Posted in Whathaveyou on June 16th, 2020 by JJ Koczan

Italian cult doomers Black Capricorn released the Solstice EP last November — not quite at the solstice itself, which is in December — but not far off. The version that DHU Records will release contains two previously unreleased tracks to go with the original four, and it’s been given a “late 2020” issue date. Think maybe it’ll be out for the solstice? November would be fitting enough. Really, nobody’s paying attention to anything by Dec. 21. It’s holiday time, everybody’s too busy wondering what to order for each other off Amazon or working late hours to get money to order things off Amazon to be buying records. Even those who get/give records as presents are more likely to go with something already out than new releases.

So if it’s November, on a full-year turnaround from the original EP release, that’d work just fine, and I’m interested to hear those other two tracks of course, but really, I’ll take whatever and whenever when it comes to Black Capricorn, who are weird and underrated in kind.
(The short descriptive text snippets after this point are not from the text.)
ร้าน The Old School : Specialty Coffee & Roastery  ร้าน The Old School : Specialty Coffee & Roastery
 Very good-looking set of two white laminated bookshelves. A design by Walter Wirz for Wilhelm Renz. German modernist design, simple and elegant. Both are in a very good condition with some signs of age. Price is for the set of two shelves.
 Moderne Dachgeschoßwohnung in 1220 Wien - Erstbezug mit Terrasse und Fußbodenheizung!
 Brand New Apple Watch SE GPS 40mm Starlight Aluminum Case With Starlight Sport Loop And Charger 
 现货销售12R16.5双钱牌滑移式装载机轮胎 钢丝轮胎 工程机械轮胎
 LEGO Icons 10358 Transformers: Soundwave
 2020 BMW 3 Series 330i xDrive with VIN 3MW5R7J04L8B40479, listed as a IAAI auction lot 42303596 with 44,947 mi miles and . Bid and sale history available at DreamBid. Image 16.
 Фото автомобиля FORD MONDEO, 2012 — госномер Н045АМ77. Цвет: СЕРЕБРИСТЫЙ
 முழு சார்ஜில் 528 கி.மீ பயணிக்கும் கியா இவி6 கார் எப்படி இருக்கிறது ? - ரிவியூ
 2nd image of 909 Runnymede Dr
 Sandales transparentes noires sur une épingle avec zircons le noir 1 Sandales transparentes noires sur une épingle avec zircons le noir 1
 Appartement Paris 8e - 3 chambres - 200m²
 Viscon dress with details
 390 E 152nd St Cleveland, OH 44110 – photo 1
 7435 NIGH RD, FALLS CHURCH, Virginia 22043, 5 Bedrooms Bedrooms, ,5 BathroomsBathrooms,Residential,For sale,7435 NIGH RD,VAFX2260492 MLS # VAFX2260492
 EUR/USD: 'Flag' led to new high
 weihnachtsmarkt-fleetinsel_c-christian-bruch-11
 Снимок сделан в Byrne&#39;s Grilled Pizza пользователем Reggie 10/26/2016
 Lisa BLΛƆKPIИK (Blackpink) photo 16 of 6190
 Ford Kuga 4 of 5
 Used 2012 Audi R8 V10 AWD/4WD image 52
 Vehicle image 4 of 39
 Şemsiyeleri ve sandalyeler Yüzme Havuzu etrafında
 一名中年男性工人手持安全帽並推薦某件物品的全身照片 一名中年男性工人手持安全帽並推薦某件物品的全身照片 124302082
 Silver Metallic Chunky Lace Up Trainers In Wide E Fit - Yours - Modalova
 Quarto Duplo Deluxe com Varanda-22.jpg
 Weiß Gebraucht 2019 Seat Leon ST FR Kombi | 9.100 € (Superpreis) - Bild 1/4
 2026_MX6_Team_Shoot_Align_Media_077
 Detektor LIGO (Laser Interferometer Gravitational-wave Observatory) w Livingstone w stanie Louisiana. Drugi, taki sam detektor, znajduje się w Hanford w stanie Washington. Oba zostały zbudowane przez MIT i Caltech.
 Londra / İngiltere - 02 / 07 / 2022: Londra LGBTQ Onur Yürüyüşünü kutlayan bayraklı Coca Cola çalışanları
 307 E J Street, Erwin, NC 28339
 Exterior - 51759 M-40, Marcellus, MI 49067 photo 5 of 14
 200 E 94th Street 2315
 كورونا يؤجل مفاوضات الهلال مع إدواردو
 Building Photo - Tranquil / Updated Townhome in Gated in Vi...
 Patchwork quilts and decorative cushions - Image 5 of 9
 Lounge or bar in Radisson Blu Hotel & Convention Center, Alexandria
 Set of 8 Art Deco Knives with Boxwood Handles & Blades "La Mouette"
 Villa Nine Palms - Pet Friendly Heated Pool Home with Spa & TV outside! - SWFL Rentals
A band who genuinely seem to want to walk their own (left hand) path.

From the PR wire:

black capricorn solstice ep

New signing to DHU Records: Black Capricorn

DHU Records is proud to welcome back to the fold: Black Capricorn to release their Solstice EP + 2 new unreleased songs!

No introduction is needed when talking about Black Capricorn in the Heavy Underground. Their slow trudging mesmeric Italian Doom is a brand known to many and immediately recognized when immersed into the Discography of the mighty Black Capricorn.

Test press, DHU Exclusive and Band Editions will be available come Autumn/Winter 2020

Side A:
A1. Omen (March of the Arcadians)
A2. Astrodestroyer
A3. Sumerian Summer

Side B:
B1. Three Brides of Satan
B2. Winterlude
B3. Shadows in the Moonlight

Recorded in November 2019 at The Business Consultant Recording Studios by Fabrizio Monni
Tracks A2 and B1 Recorded in October 2018/November 2019 (previously unreleased)
Mastering by Mirko Toro at the Gameboy Studio
New artwork by Fabrizio Monni

Black Capricorn:
Fabrizio – Guitars, Vocals
Virginia – Bass
Rachela – Drums

http://facebook.com/blackcapricorn666
https://blackcapricorn.bandcamp.com/
https://www.facebook.com/DHURecords/
https://www.instagram.com/dhu_records/
https://darkhedonisticunionrecords.bandcamp.com/
darkhedonisticunionrecords.bigcartel.com/

Black Capricorn, Solstice EP (2019)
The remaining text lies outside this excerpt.